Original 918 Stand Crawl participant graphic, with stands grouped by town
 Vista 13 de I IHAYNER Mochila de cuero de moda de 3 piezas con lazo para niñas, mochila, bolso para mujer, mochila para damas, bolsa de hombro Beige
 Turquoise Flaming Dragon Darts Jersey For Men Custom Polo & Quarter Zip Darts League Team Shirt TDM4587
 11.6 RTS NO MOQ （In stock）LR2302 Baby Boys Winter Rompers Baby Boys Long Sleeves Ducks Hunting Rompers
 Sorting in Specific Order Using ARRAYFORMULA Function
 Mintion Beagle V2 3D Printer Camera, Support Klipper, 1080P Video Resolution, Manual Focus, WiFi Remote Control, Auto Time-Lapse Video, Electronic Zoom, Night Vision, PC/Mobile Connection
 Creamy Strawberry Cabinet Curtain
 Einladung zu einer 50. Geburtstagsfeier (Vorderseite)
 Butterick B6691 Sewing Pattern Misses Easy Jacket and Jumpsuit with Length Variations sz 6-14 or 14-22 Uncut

****************

_WHAT YOU WILL DO_. Print from the line containing "Einladung zu einer" to the last line above, exactly as written.

_RESPONSE TO THIS EXERCISE_.
 Einladung zu einer 50. Geburtstagsfeier (Vorderseite)
 Butterick B6691 Sewing Pattern Misses Easy Jacket and Jumpsuit with Length Variations sz 6-14 or 14-22 Uncut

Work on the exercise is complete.